Under these conditions, diode D1 is required to protect the
device."
I haven't looked to see what regulator the Nano uses.
D1 is 1N4001, anode on 5V output, cathode on input to the regulator - after the reverse polarity protection diode so the cap output is not going into supplying the pump.

Keep supply to a large pump separate from the Arduino supply, its only going to
cause grief to share it. If the 1A is the normal running current the stall current
could be much larger, even 10A, so the 2A supply cannot support it. Try a separate
lower current supply just for the Arduino and the problem should go away and you
have no risks of spikes on the motor supply damaging anything.

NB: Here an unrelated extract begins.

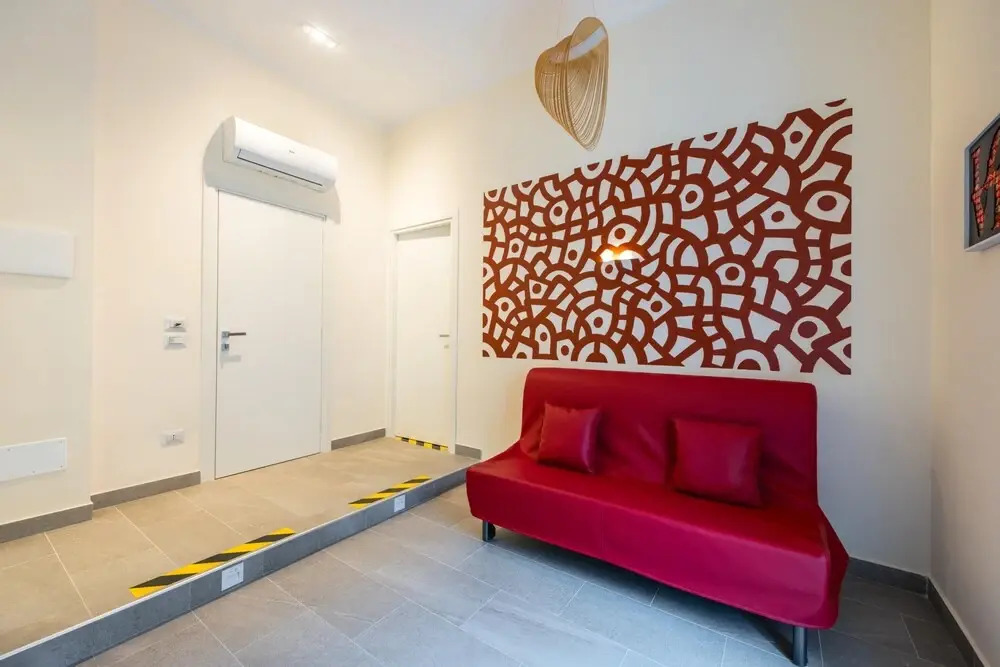 Central Station Housing - Apartment 2 by Wonderful Italy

With two separate supplies it works with no problem, but I thought it is waste of space and power supplies that can power other projects :slight_smile:

If you want to be 100% safe you can put in a comparator and a P-channel MOSFET.

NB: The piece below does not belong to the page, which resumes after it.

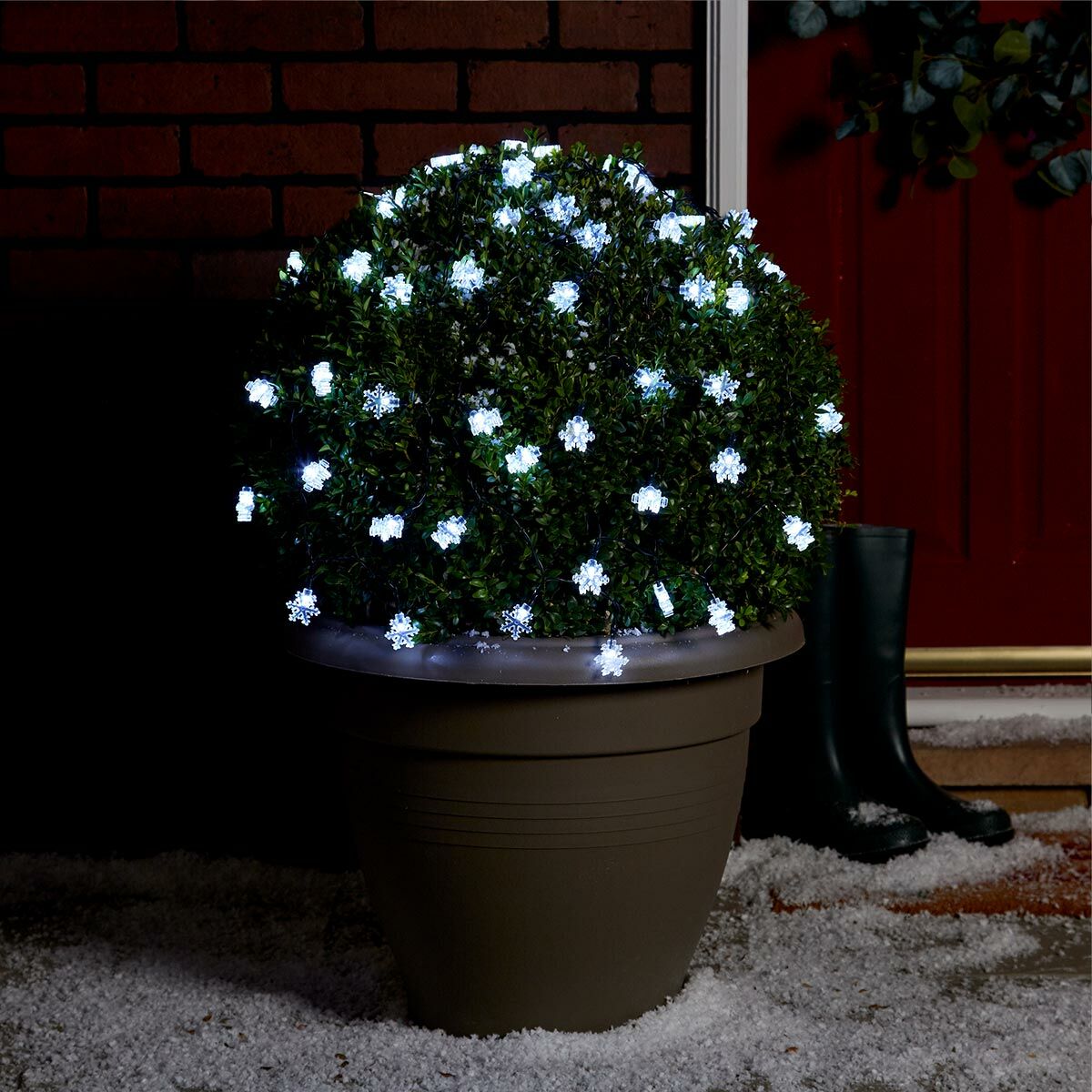 5m Indoor & Outdoor Battery Snowflake Fairy Lights, White LEDs, Green Cable image 5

When the capacitor voltage is high enough it should trigger the comparator and switch on the Arduino via the MOSFET .

I ended up using the mentioned 2A 5.5V power supply connected directly to the relay powering the pump and through a shotky diode to Vin and Gnd. There I have alsa two of these giant caps 16V 10 000uF, backing up the Arduino and its peripherals (two 50kOhm trimmers (logarithmic pots), a 16x2 display, RTC and DS18B20 temp sensor.

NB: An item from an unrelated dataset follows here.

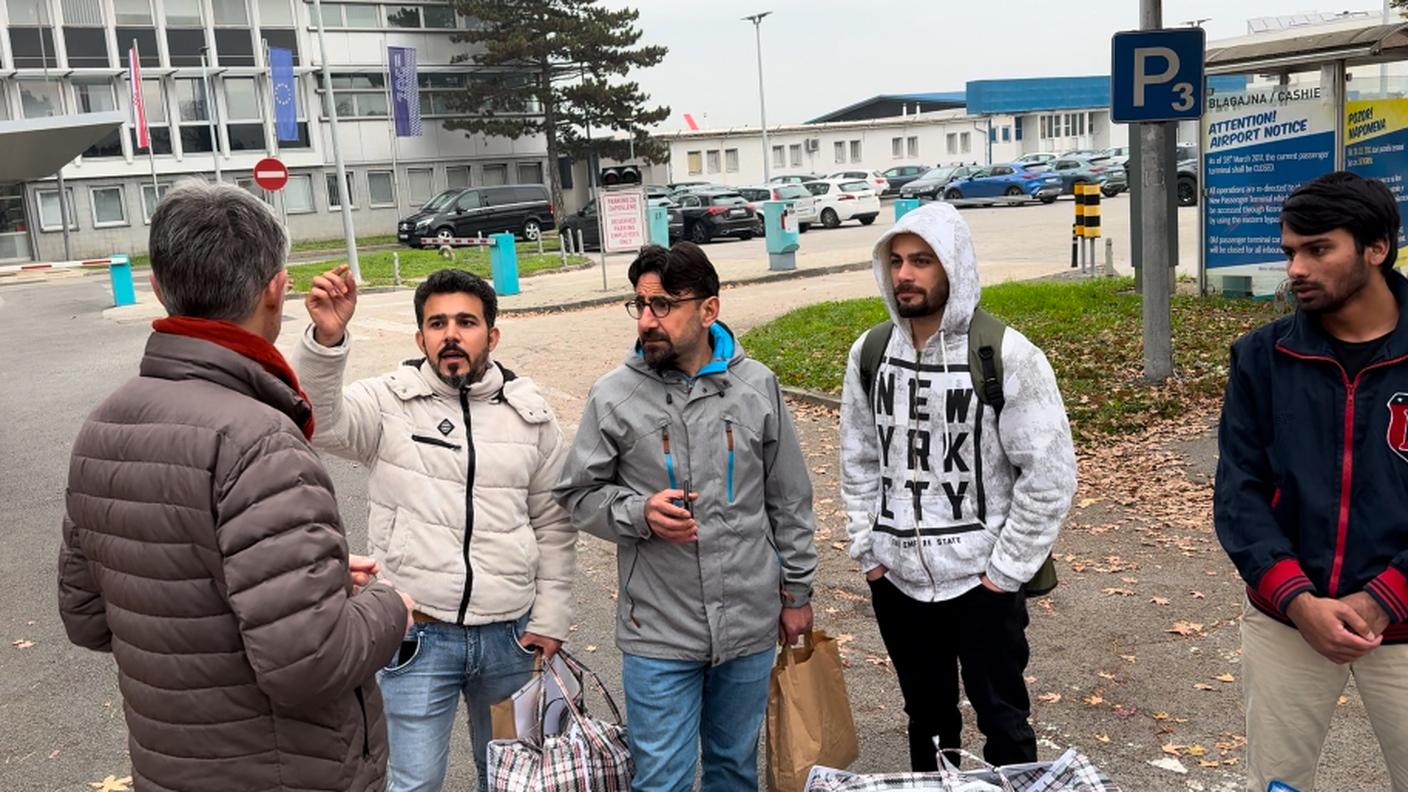 L'incontro all'uscita dell'aeroporto di Zagabria con 4 dei richiedenti asilo espulsi dalla Svizzera il 19 novembre 2024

I encountered two interesting things:

  1. I thought to connect only the Arduino from the safe side of the shotky and the caps to support only it, not draining power with LCD or the pots. This was a problem because when the pump started the display froze and had artifacts on it instead of the letters I print out. so I moved it.

  2. And more interesting was that the pot measurements were disrupted during pump start . Their values were dropping.

I also made some kind of gentle power on for the pump resembling PWM.

void pwm_pump_on() {

      lcd.setBacklight(LOW);              //save some energy
      digitalWrite(pumpPin, LOW); //turn the pump on
      delay(15);
      digitalWrite(pumpPin, HIGH); //turn the pump off
      delay(3);
      digitalWrite(pumpPin, LOW); //turn the pump on
      delay(20);
      digitalWrite(pumpPin, HIGH); //turn the pump off
      delay(3);
      digitalWrite(pumpPin, LOW); //turn the pump on
      delay(30);
      digitalWrite(pumpPin, HIGH); //turn the pump off
      delay(3);
      digitalWrite(pumpPin, LOW); //turn the pump on
      delay(40);
      digitalWrite(pumpPin, HIGH); //turn the pump off
      delay(3);
      digitalWrite(pumpPin, LOW); //turn the pump on
      delay(50);
      digitalWrite(pumpPin, HIGH); //turn the pump off
      delay(3);
      digitalWrite(pumpPin, LOW); //turn the pump on
      delay(60);
      digitalWrite(pumpPin, HIGH); //turn the pump off
      delay(3);
      digitalWrite(pumpPin, LOW); //turn the pump on
      delay(75);
      digitalWrite(pumpPin, HIGH); //turn the pump off
      delay(3);
      digitalWrite(pumpPin, LOW); //turn the pump on
      delay(100);
      digitalWrite(pumpPin, HIGH); //turn the pump off
      delay(3);
      digitalWrite(pumpPin, LOW); //turn the pump on
      delay(200);
      digitalWrite(pumpPin, HIGH); //turn the pump off
      delay(2);
      digitalWrite(pumpPin, LOW); //turn the pump on
      delay(300);
      digitalWrite(pumpPin, HIGH); //turn the pump off
      delay(1);
      digitalWrite(pumpPin, LOW); //turn the pump on
      lcd.setBacklight(HIGH);

}

It appears that 5ms delay is enough to close the relay, but with 3ms it stays open. I know the coding is awful but this is what I used and it works.

A big problem: Put those 10mF caps on the 5V line, and as CrossRoads says, you need a diode across the regulator Input/Output to prevent the regulator from being damaged by having voltage on the Output when there is less voltage present on the Input.

Do you see the problem? Now the 10mF caps are simply being dumped back into the power supplying the pump.

Better:

Main voltage
Diode
10mF caps
Arduino unregulated voltage input

Then when the pump drags down the power supply voltage, the diode prevents the 10mF caps from being discharged there, while they continue to supply voltage for a short time to the Arduino's voltage regulator.

Yes, polymorph, this is what I did using a shotky diode.